ABOUT THIS EXERCISE
With the pictures left out, write out exactly the lines of the listing below that run from the line with "Cara buat maske" through the line with "Расшифровка результатов общего анализа крови".

====== DATA SUPPLIED ======

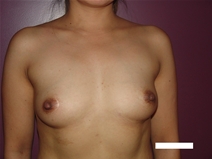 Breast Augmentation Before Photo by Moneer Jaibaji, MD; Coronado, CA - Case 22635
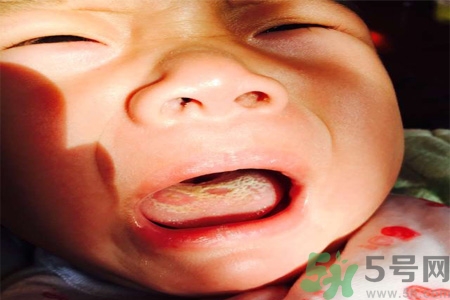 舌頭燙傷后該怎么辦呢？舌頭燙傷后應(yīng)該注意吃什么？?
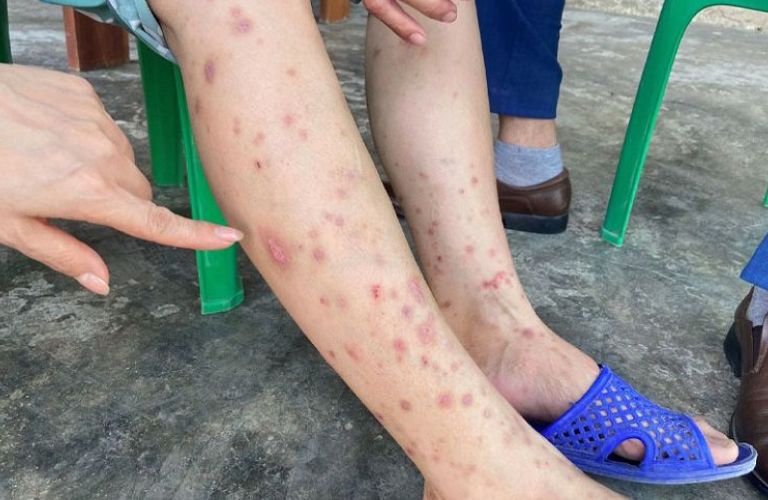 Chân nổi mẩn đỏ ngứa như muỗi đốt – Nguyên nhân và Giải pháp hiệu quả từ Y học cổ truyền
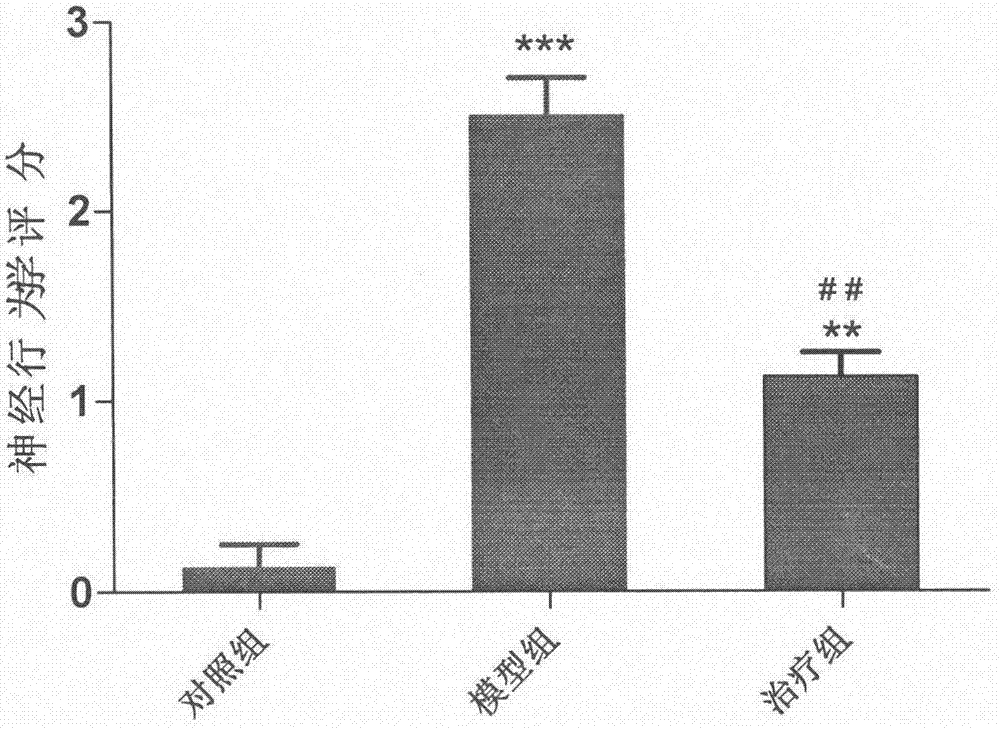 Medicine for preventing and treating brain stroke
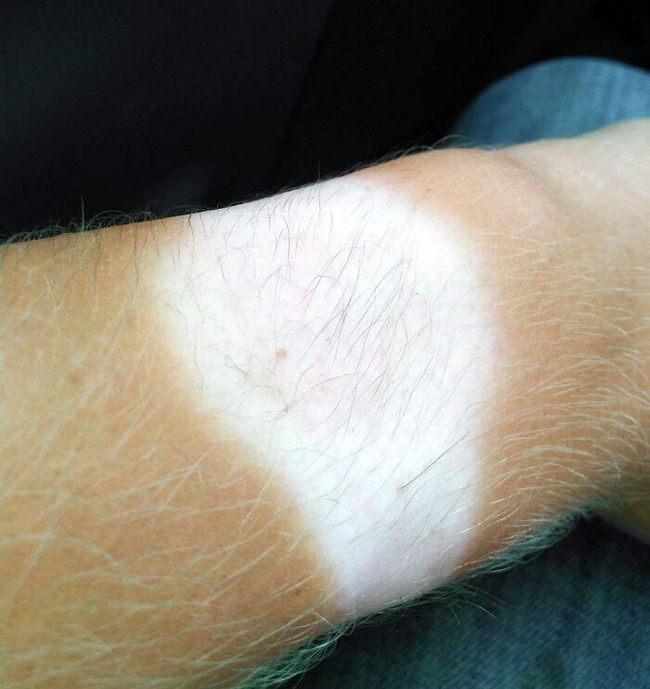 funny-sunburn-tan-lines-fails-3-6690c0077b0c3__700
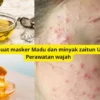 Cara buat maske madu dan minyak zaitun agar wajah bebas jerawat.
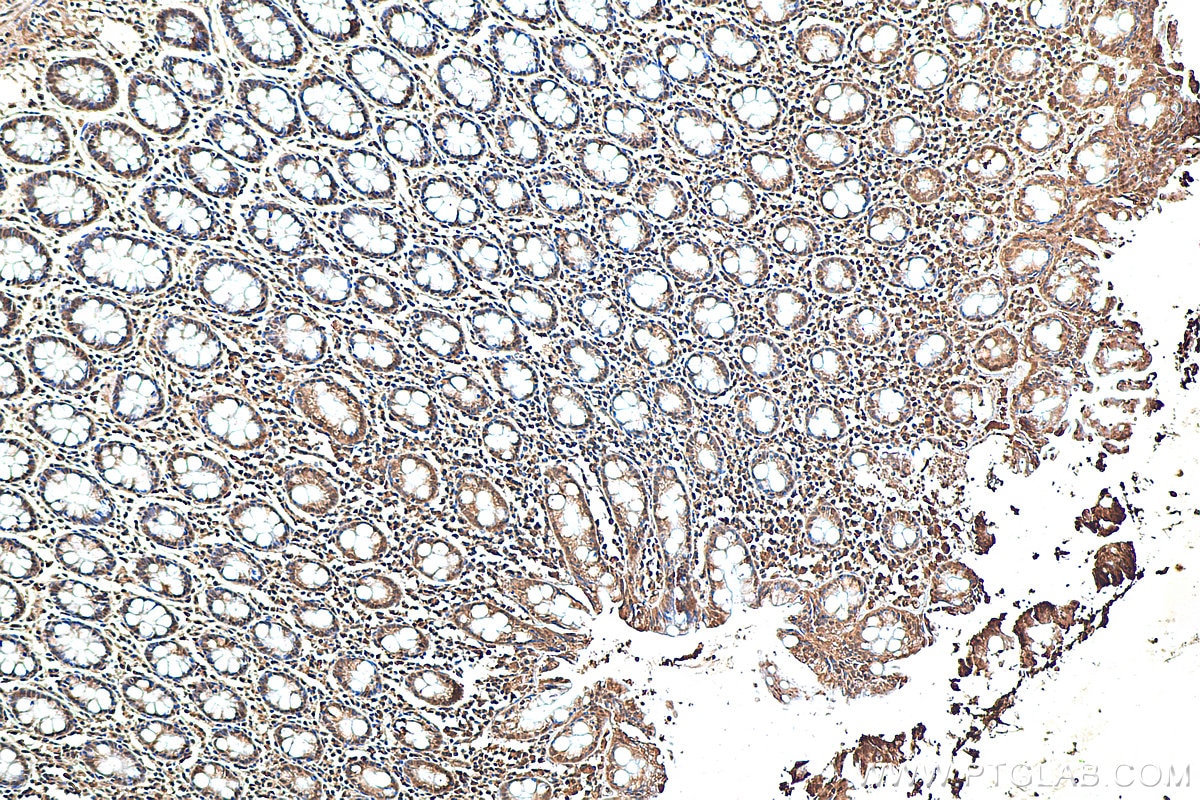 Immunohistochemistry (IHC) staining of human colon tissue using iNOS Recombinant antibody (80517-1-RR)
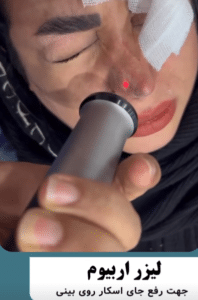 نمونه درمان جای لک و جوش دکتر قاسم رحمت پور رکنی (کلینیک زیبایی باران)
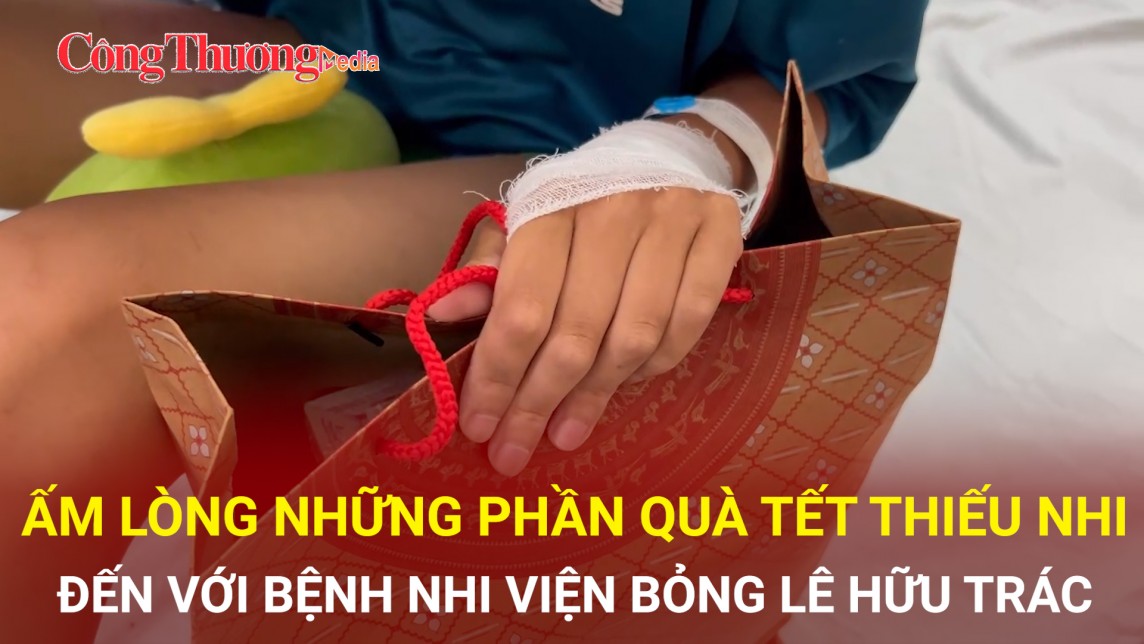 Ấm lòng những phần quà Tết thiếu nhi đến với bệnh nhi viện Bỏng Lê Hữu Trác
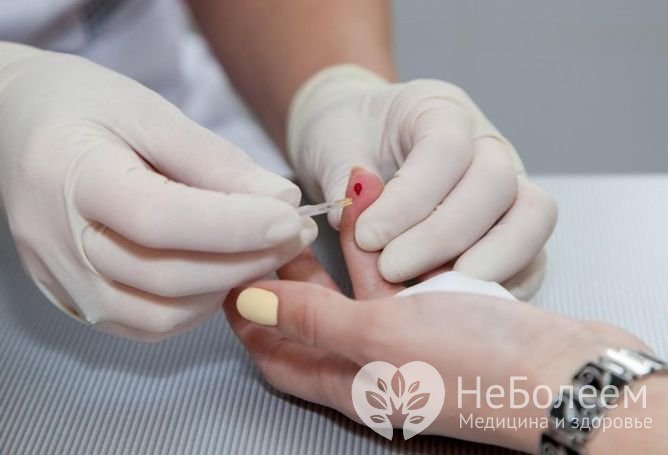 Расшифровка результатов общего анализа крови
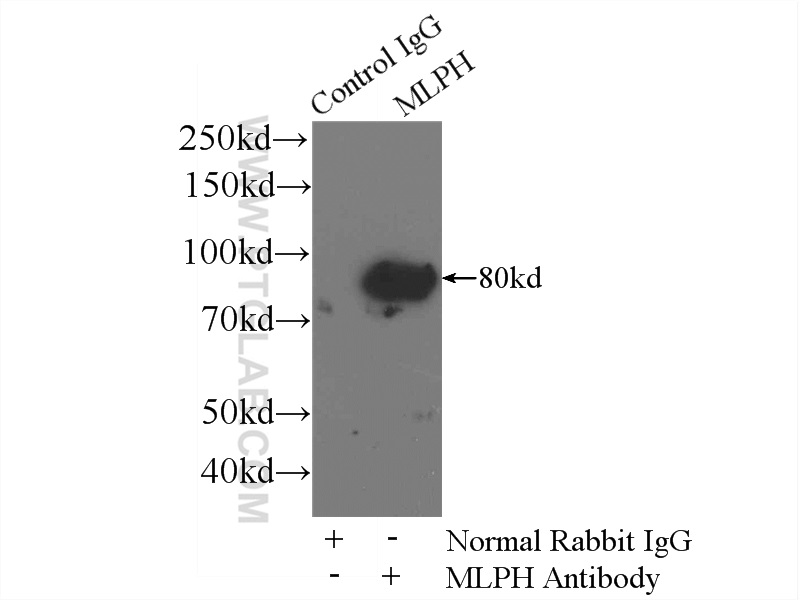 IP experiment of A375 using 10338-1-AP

======

RESULT
 Cara buat maske madu dan minyak zaitun agar wajah bebas jerawat.
 Immunohistochemistry (IHC) staining of human colon tissue using iNOS Recombinant antibody (80517-1-RR)
 نمونه درمان جای لک و جوش دکتر قاسم رحمت پور رکنی (کلینیک زیبایی باران)
 Ấm lòng những phần quà Tết thiếu nhi đến với bệnh nhi viện Bỏng Lê Hữu Trác
 Расшифровка результатов общего анализа крови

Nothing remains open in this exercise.